CR

Chain Replication Database

In banking system demands are very tight. Database should be at least tripled, stand-by nodes should pick up master reads from failover node, writes should be accepted on a reasonble quorum, failover must be followed by recovery, database should be able to scale even with the RAM/DISC limitations.

No data should be treated as written otherwise that commited to all replicas. All this circumstances leads us to chain replication protocol as a simple and natural feedback to this challenge.

Different replication techniques exists to satisfy replication demands. Master-slave replication is most widely known type of replication used before in such products like GFS, HDFS, mongodb, etc. Quorum Intersection is another technique used in databases like Cassandra or Amazon Dynamo. They mostly provide a consistent distributed repository for event tables or for file storage. In banking industry we synchronize account balances and need simple and managable protocol for storage consistency issuing high demand on system integrity.
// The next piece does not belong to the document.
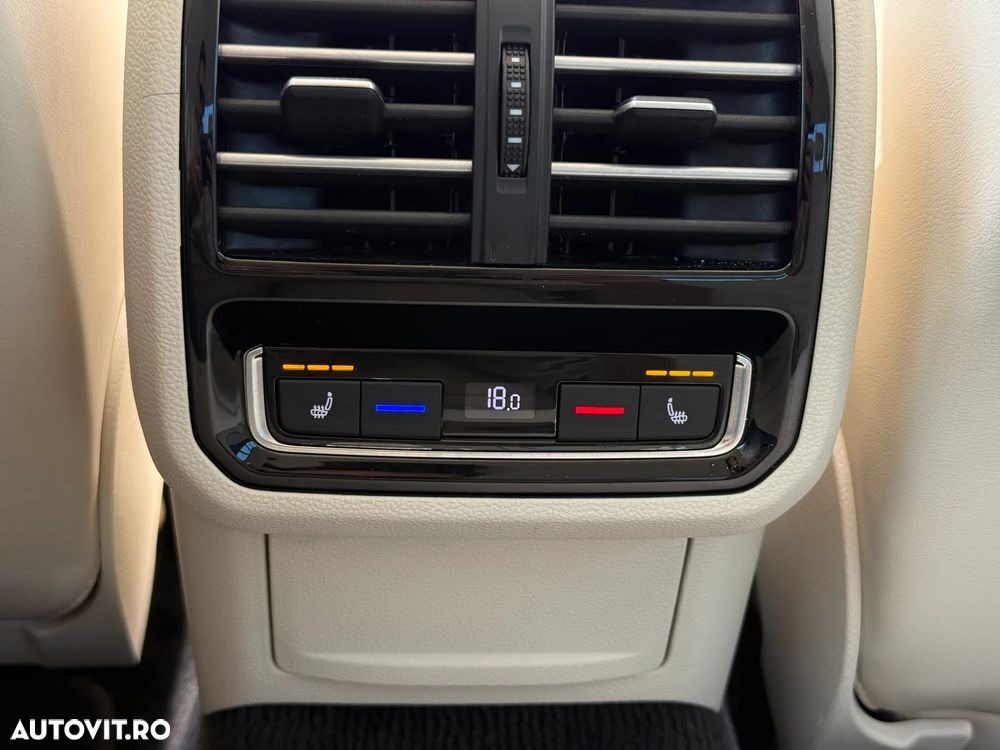 Volkswagen Passat 2.0 TDI DSG Highline - 11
There are several classes of error usually implied when dealing with failure detection. The most weak class is fail-stop events, when the outage is normal or predictable. The second class is crash-failures, the ubnormal terminations and outages. The most strong type of failures are byzantine failures resistant to bit-flips, hacked parties or any types of compromising the transaction objects. For banking applications the byzantine fault tolerance is desired, despite it affects the latency. However we will show that CR latency is acceptible even in compare with web applications.

Features

CP database
2N+1 nodes tolerates N failures
Consistent hashing DHT
RAFT for managing server configurations timeline
HMAC signing for Byzantine capabilities
Various database backends: mnesia, riak, redis, fs, sql
High-performance non-blocking TCP acceptor
Separate endpoints for HEART, CLIENT and SERVER protocols
Pure, clean and understandable codebase

Consistent Hash Ring

Bulding a consistent hash ring is a key feature that opens a door to the distributed system. CR is using only five functions to model the DHT ring. Ring provides a desirable probability in series of nines of working event condition.


 > cr:ring().

{12,
 [{0,0},
  {121791803110908576516973736059690251637994378581,1},
  {243583606221817153033947472119380503275988757162,1},
  {365375409332725729550921208179070754913983135743,1},
  {487167212443634306067894944238761006551977514324,1},
  {608959015554542882584868680298451258189971892905,2},
  {730750818665451459101842416358141509827966271486,2},
  {852542621776360035618816152417831761465960650067,2},
  {974334424887268612135789888477522013103955028648,2},
  {1096126227998177188652763624537212264741949407229,3},
  {1217918031109085765169737360596902516379943785810,3},
  {1339709834219994341686711096656592768017938164391,3},
  {1461501637330902918203684832716283019655932542972,3}]}

The ring or configuration is partitioned by shards or peers.


> cr:peers().

[{'[email protected]',9000,9001,9002},
 {'[email protected]',9004,9005,9006},
 {'[email protected]',9008,9009,9010}]

Each peer is running several replica protocol vnodes. Each vnode is a replica process that serves a specific key-range.


> cr:local().

[{487167212443634306067894944238761006551977514324,<0.200.0>},
 {365375409332725729550921208179070754913983135743,<0.199.0>},
 {243583606221817153033947472119380503275988757162,<0.198.0>},
 {121791803110908576516973736059690251637994378581,<0.197.0>}]


> cr:chain(foo).

[{1461501637330902918203684832716283019655932542972,3},
 {487167212443634306067894944238761006551977514324,1},
 {974334424887268612135789888477522013103955028648,2}]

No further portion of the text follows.